1. **Analyse:** Kyoko reads your agent's traces *for you*, diagnoses what went
   wrong, and updates a state reflection of how the system behaves over time.
   No manual log-digging.
2. **Issues:** it surfaces the failures to you automatically as first-class,
   evidence-backed issues, grouped by category and severity so you fix the
   pattern, not the symptom, including problems you did not predefine as a
   metric.
3. **Proposals:** each accepted issue becomes a concrete fix (to context/skills
   or the agent's harness), then runs the **gate**: generated checks, bounded
   replay, autonomy policy, and human locks. It applies only if it passes.
4. **Evals:** a measurement plane of deterministic detectors and LLM judges
   scores runs into a failure rate, before vs after. Failure is decided by
   evals, never by a status flag on a trace.
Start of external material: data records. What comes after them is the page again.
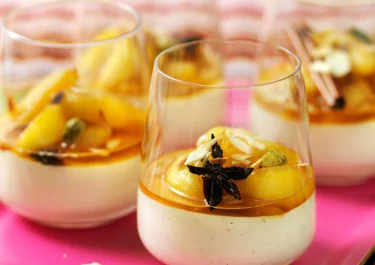 Pannacotta med kryddäpplen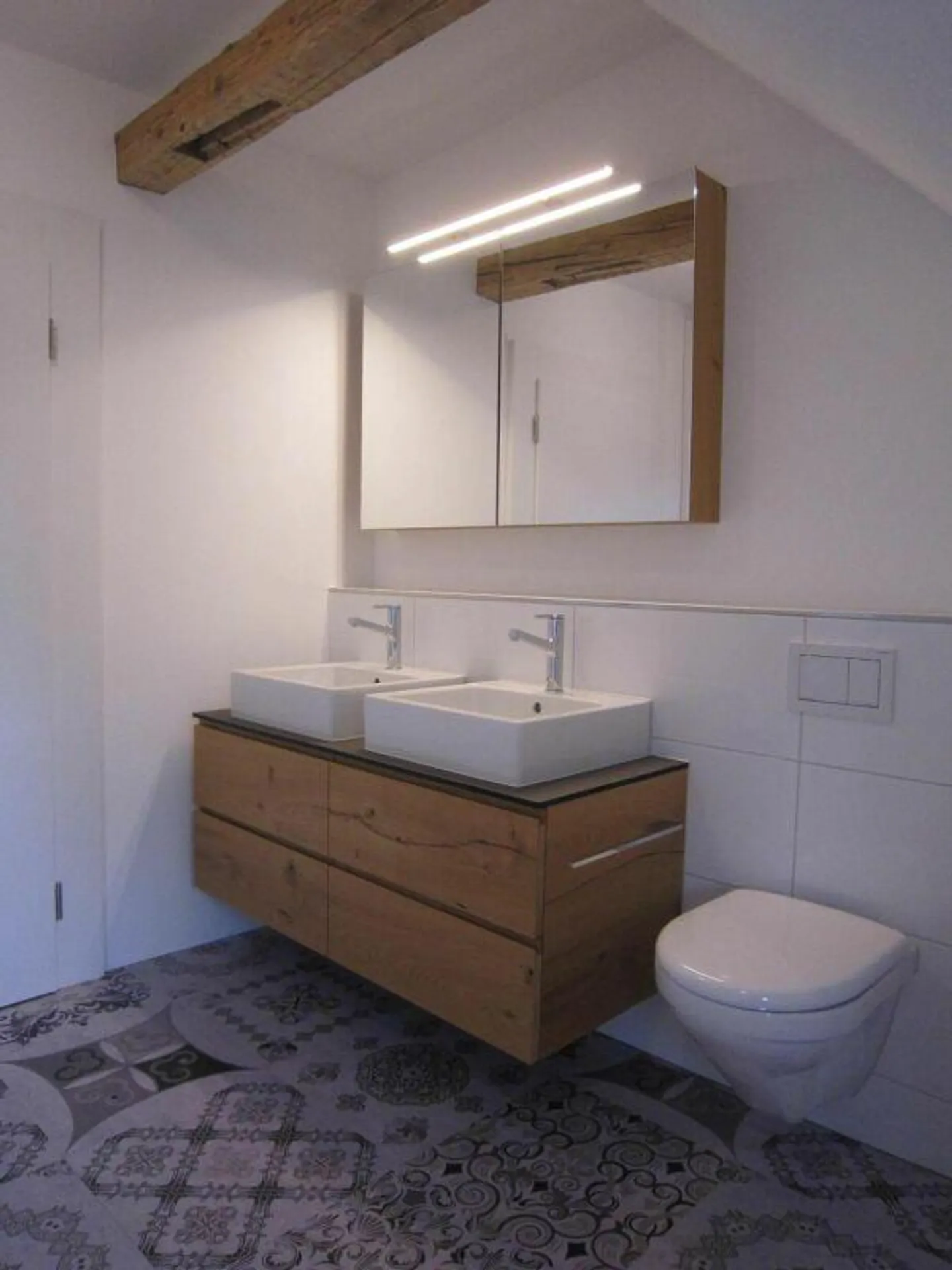 Appartamento attico affascinante in un edificio storico! - Foto 9 di 13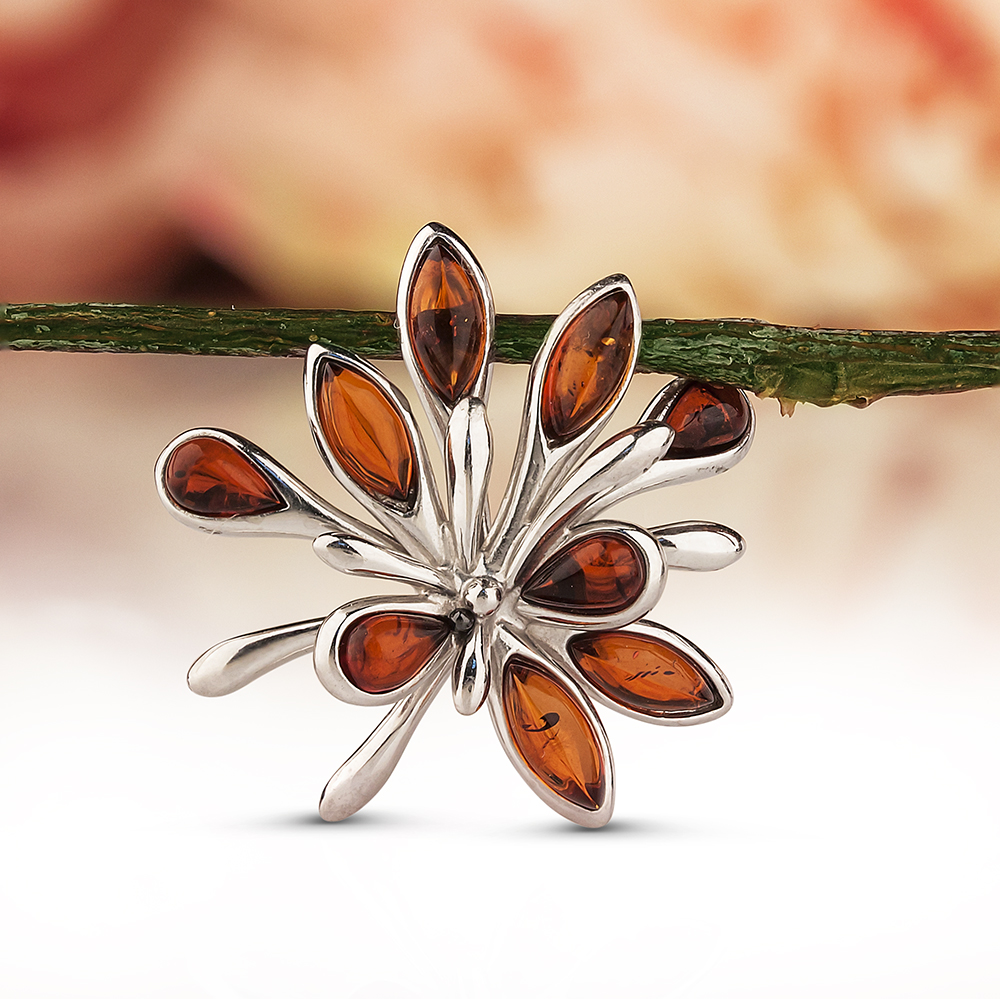 Кулон "Брызги шампанского", украшенный коньячным янтарем, артикул 11047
**Run it your way.** The same loop, the same gate. You pick the autonomy level:

- **Human-in-the-loop:** Kyoko surfaces issues and drafts fixes, and you review
  and approve each change before it applies.
- **Fully autonomous:** the policy auto-applies any change that clears replay,
  evals, and human locks, and parks anything that doesn't for you to look at.

Either way, nothing behavior-changing ships without passing the gate.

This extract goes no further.